----- Excerpted records

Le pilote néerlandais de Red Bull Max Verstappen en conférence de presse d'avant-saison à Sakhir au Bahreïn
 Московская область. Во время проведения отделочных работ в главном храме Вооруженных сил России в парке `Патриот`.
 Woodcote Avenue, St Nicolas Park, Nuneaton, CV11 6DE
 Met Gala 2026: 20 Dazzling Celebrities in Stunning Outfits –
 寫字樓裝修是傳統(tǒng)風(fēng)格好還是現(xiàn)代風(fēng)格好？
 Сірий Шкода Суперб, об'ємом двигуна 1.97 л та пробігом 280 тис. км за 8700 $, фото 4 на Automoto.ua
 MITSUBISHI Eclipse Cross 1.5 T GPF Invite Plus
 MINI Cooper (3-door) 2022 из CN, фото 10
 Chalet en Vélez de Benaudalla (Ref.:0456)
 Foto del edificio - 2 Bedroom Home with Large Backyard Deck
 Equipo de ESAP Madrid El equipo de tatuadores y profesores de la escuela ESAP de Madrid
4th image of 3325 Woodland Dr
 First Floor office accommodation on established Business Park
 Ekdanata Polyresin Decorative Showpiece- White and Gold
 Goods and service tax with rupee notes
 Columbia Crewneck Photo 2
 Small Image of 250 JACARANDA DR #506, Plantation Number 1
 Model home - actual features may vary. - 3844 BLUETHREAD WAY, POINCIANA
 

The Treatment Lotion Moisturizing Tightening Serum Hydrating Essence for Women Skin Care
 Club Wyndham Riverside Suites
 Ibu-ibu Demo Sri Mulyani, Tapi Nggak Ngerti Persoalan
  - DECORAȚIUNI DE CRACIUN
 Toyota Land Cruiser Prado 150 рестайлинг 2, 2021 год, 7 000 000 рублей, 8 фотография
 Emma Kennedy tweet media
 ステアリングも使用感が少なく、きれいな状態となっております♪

----------

Problem to solve: Lines from the start of the material through the line containing "Met Gala 2026: 20" are wanted. Write them out exactly.

Result below:
Le pilote néerlandais de Red Bull Max Verstappen en conférence de presse d'avant-saison à Sakhir au Bahreïn
 Московская область. Во время проведения отделочных работ в главном храме Вооруженных сил России в парке `Патриот`.
 Woodcote Avenue, St Nicolas Park, Nuneaton, CV11 6DE
 Met Gala 2026: 20 Dazzling Celebrities in Stunning Outfits –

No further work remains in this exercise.